查看：104 发布时间：2021/5/10 19:07:33 gensim doc2vec

本文介绍了如何解释以前查看过的数据上的doc2vec结果?的处理方法，对大家解决问题具有一定的参考价值，需要的朋友们下面随着小编来一起学习吧！

问题描述

我使用gensim 4.0.1并训练doc2vec:

I use gensim 4.0.1 and train doc2vec:

from gensim.test.utils import common_texts
from gensim.models.doc2vec import Doc2Vec, TaggedDocument
    
sentences = [['hello', 'world'], ['james', 'bond'], ['adam', 'smith']]
documents = [TaggedDocument(doc, [i]) for i, doc in enumerate(sentences)]
model = Doc2Vec(documents, vector_size=5, window=5, min_count=0, workers=4)

documents
    [TaggedDocument(words=['hello', 'world'], tags=[0]),
    TaggedDocument(words=['james', 'bond'], tags=[1]),
    TaggedDocument(words=['adam', 'smith'], tags=[2])]

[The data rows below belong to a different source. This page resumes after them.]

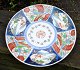 Large Japanese Imari dish, 19th century. Decorated in blue, red, green and gilding. The center ...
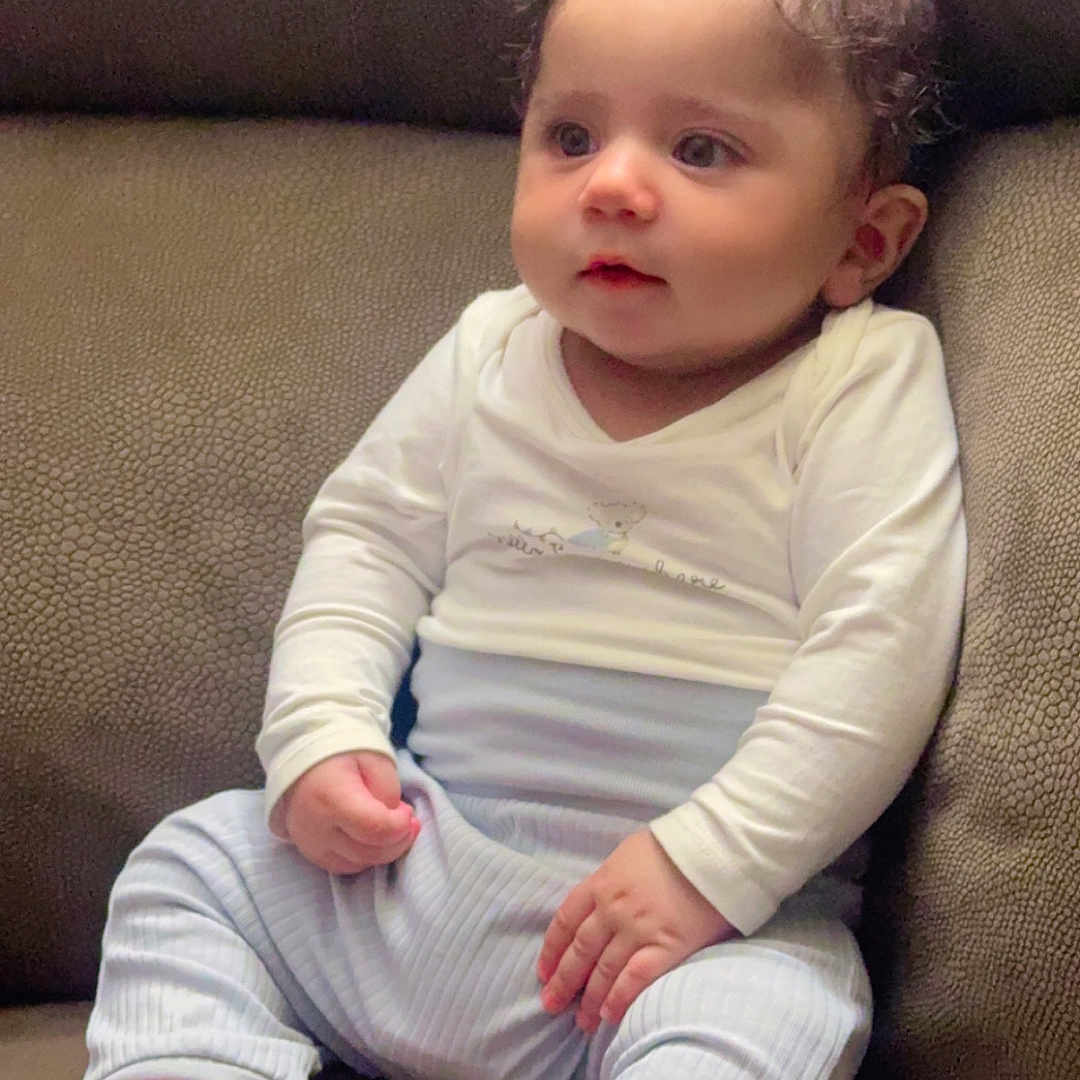 Avitaaj Singh joined the competition — help win amazing prizes! baby, barefoot, blue_pants, child, clothing, comfort, couch, curly_hair, cute, face, feet, furniture, hands, indoors, infant, portrait, sitting, skin, white_shirt, young_child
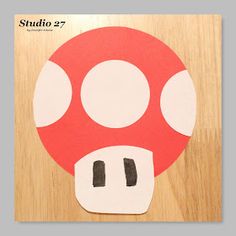 a red mushroom cut out on top of a wooden surface with the word studio 27 written below it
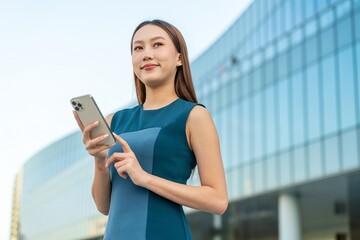 Asian Businesswoman Using Smartphone In Front a Modern Office Building in Central Business District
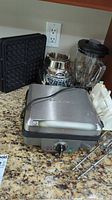 Waffle maker with waffle plates, hand mixer, and blender shown on kitchen counter.
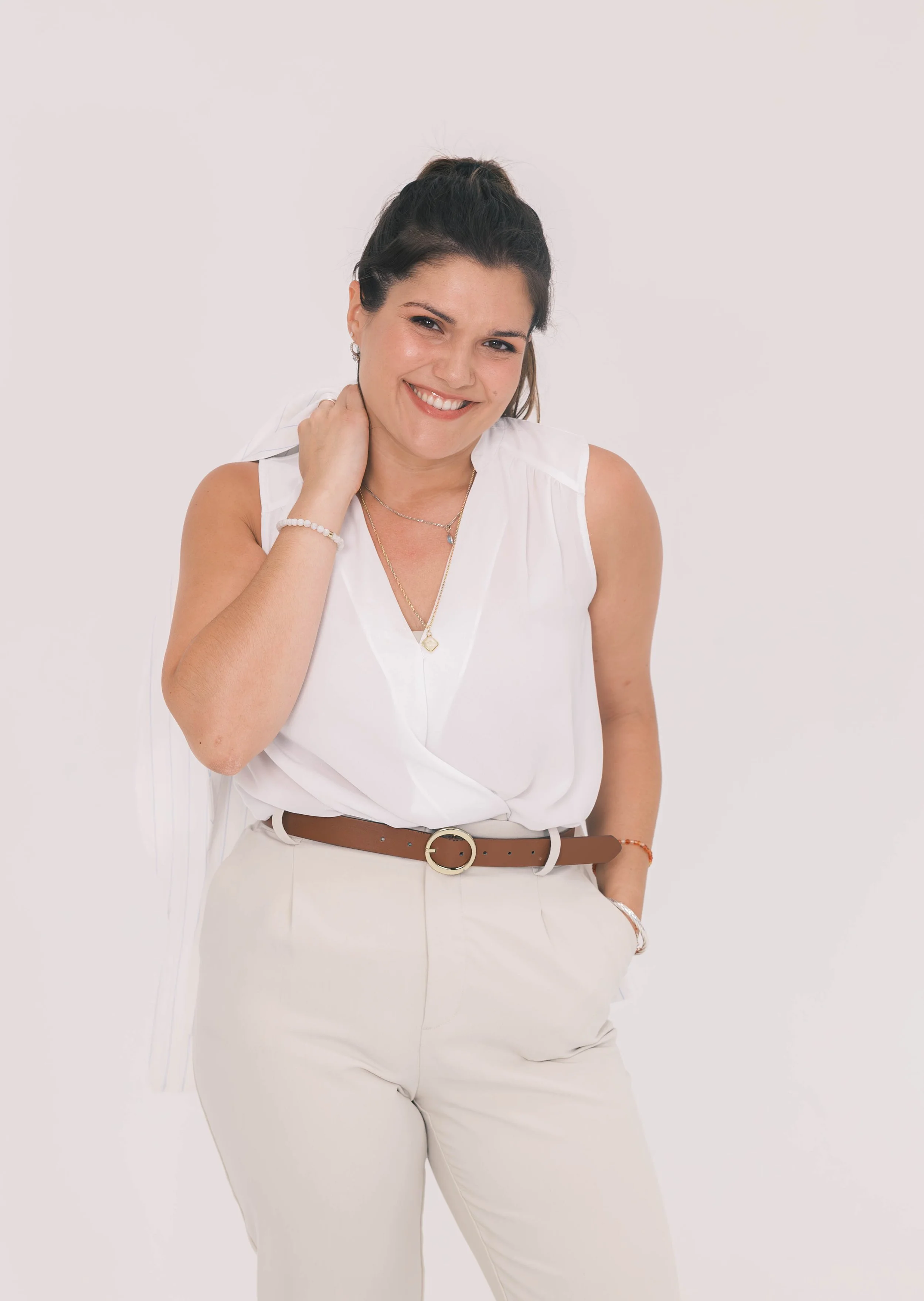 A woman with dark hair styled in a half-up, half-down look, wearing a white sleeveless blouse, cream-colored pants with a brown belt, and jewelry including a necklace, earrings, bracelets, and rings. She is smiling and has her right hand touching her neck. The background is plain white.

model.dv[0],model.dv[1],model.dv[2]
        (array([-0.10461631, -0.11958256, -0.1976151 ,  0.1710569 ,  0.0713223 ],
               dtype=float32),
         array([ 0.00526548, -0.19761242, -0.10334401, -0.19437183,  0.04021204],
               dtype=float32),
         array([ 0.05662392,  0.09290017, -0.08597242, -0.06293383, -0.06159503],
               dtype=float32))

我希望与TaggedDocument#1匹配

I expect to get a match on TaggedDocument #1

seen = ['james','bond']

令人惊讶地，已知文本(詹姆斯·邦德)产生了完全看不见的"文本.向量:

Surprisingly, that known text (james bond) produces a completely "unseen" vector:

new_vector = model.infer_vector(seen)
new_vector
        
        array([-0.07762126,  0.03976333, -0.02985927,  0.07899596, -0.03556045],
              dtype=float32)

most_similar()没有指向预期的Tag = 1.而且，所有3个得分都非常低，表明数据完全看不见.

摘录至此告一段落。